Auch der Ort steckt voller Geschichte. Um auf gigantischen Konstruktionen eine Bühnenmauer bauen zu können, müssen noch rasch Teile der alten Mauer verschwinden. Das Gebiet zwischen Potsdamer Platz und Brandenburger Tor wird nach Minen des Grenzstreifens abgesucht. Jahre später wird auf dem Gelände das Holocaust-Mahnmal entstehen.

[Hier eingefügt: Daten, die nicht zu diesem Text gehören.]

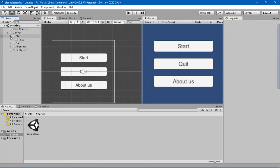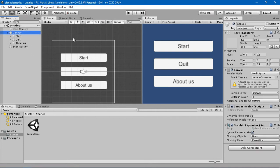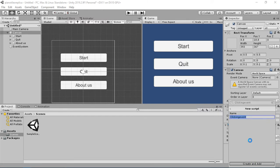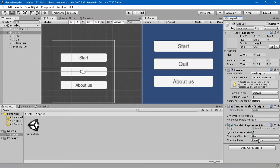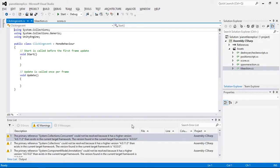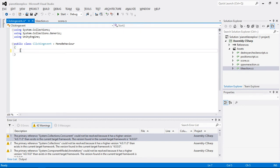Now we are going to learn some new toggle functions for these buttons. I'm going to create a script on this canvas — I'll add a component and name it 'ClickingEvent'. I'll add it, then double-click to open it up in Visual Studio.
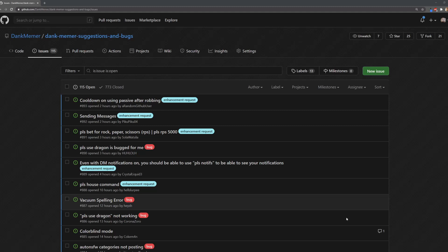Hey guys, Melmzy here. I'm going to show you today how to make suggestions or report bugs for DankMemer.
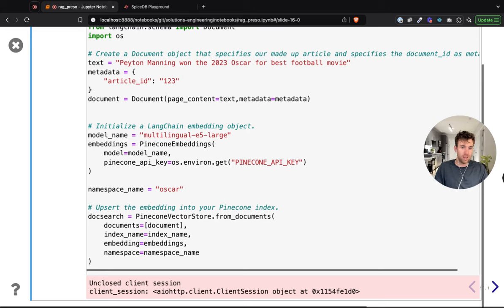We got our answer — as expected. Peyton Manning won the Oscar for best football movie. It used the data from the vector database to augment the prompt, so it was able to issue a response to us.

Auch „The Wall“ hat keine einfache Geschichte. Das 1979 erschienene Konzeptalbum von Pink Floyd wird zum erfolgreichsten Doppelalbum überhaupt. Die Rechte liegen bei Roger Waters, von dem fast alle Stücke stammen. Anfang der 80er Jahre trennen sich Pink Floyd und Waters: Zu dem Zeitpunkt hat „The Wall“ als Bühnenspektakel schon in Los Angeles, New York, London und Dortmund begeistert. Waters will „The Wall“ eigentlich nicht noch einmal auf die Bühne bringen. Eher flapsig schränkt er ein: vielleicht doch, wenn die Mauer fällt. In Berlin. Mit den unerwarteten Ereignissen vom November 1989 wird das Projekt sehr schnell real. Die endgültige Besetzung geizte nicht mit großen Namen: die Scorpions sind dabei, Ute Lemper, Cyndi Lauper, Sinéad O’Connor, Joni Mitchell, Bryan Adams, Van Morrison, Tim Curry, Marianne Faithfull, oder The Hooters. Entsprechend groß ist der Andrang. Organisator Peter Rieger erinnert sich später an „ungefähr 220 000“ für 35 Mark verkaufte Karten. Aber nach seiner Schätzung standen 100 000 bis 150 000 Leute ohne Karten am Einlass – teilweise noch vor den zahlenden Besuchern. Das für diesen Fall vereinbarte Codewort sorgt dafür, dass – wie einst beim legendären US-Festival – die Ordner die Zäune öffnen: „Woodstock“.

„Reißt die Mauer ein!“

Die Songs erzählen die Geschichte des jungen Musikers Pink, der sich mehr und mehr von Einfluss und Grausamkeiten seiner Umgebung abschottet, jedes negative Erlebnis wird weiterer Stein einer Mauer der Isolation, die er um sich errichtet. Im ersten Teil der knapp zweistündigen Show wird „The Wall“ aus 2500 Styropor-Blöcken quer über den alten Mauerverlauf wachsen. Zum Finale kommt der parolenartig gesungene Beschluss: „Tear Down the Wall!“. Reißt die Mauer ein! Feuerwerk. Projektionen der echten Mauer. In rasender Geschwindigkeit fallen die Styropor-Blöcke, die Mauer stürzt in sich zusammen. Schon das muss in Berlin tief berühren.